In Jacob Neusner’s fine little book Judaism in the Beginning of Christianity he provides some valuable insights for those wanting to discuss the historical movement known as the Pharisees. He notes that we have three primary sources: the writings of the Jewish historian Josephus, the Christian Gospels telling the stories of Jesus, and “the law and sayings attributed to pre-70 C.E. Pharisees by their successors and heirs, the rabbis of the late first- and second- century Palestine.” (p. 46)
Neusner notes that, “The historical questions we bring to the sources would have been remote and incomprehensible to all three.” (p. 47) Why does he say this? First, “Josephus’ narrative requires interpretation in the light of his own life in Roman politics after 70 C.E.” Therefore, Josephus’ reasoning for discussing the Pharisees will not have anything to do with describing them for the sake of mere explanation, but rather because, “Josephus was engaged in explaining to the Jewish world of his day that Rome was not at fault for the destruction of the Temple, and in telling the Roman world that the Jewish people had been misled, and therefore were not to be held responsible for the terrible war.” (p. 46) Josephus saw his task as doing an apologetic revisionist history in hopes of making this new, post-apocalyptic world of Roman destruction livable for the Jewish people.
The Gospels are not objective sources either. These writings are the most influential on modern verbiage related to the Pharisees, but they “show little interest in the Pharisees, except as a convenient basis for polemic or narrative.” (p. 46) The Gospels depictions of the Pharisees as the primary opponents of Jesus likely have a lot to do with the reality that it was the teachings of the Pharisees which were most influential on Jews after the fall of the Temple. As Christians fought for converts among the Jews and Gentiles they made sure to depict the Pharisees negatively. This is not to say that Jesus and the Pharisees were free of conflict. It is likely that they did have tensions, but they are magnified for literary purposes. Neusner writes, “The interest of the Gospels is not in the history of the Jewish people, but in the life and teachings of Jesus, to which that history supplies the background.” (p. 47)
Finally, “The rabbinical traditions about the Pharisees prove most complex of all.” (p. 46) Whatever materials post-70 C.E. Judaism used they were being reshaped for a world foreign to that of Hillel, Gamaliel, Simeon, et al.
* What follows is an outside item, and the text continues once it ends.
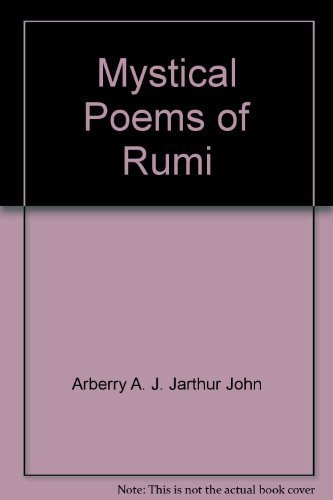 9780226731506: Mystical Poems of Rumi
Neusner concludes, “The rabbinical legislators show no keen interest in narrative, biography, or historical problems, but take as their task the promulgation of laws for the government and administration of the Jewish community.” (p. 47)
We may not be able to “recover” the historical Pharisees. What we have available to us is how they were framed in relation to the literary objectives of particular authors. Josephus’ assimilation into the Roman world influenced his account. The Gospels missionary movement in favor of Jesus influenced theirs. The rabbinical accounts are an effort to draw authority from pre-70 C.E. Judaism for the community of the strange new world of post-70 C.E. Judaism. These are the various “Pharisees” that we’ve been given.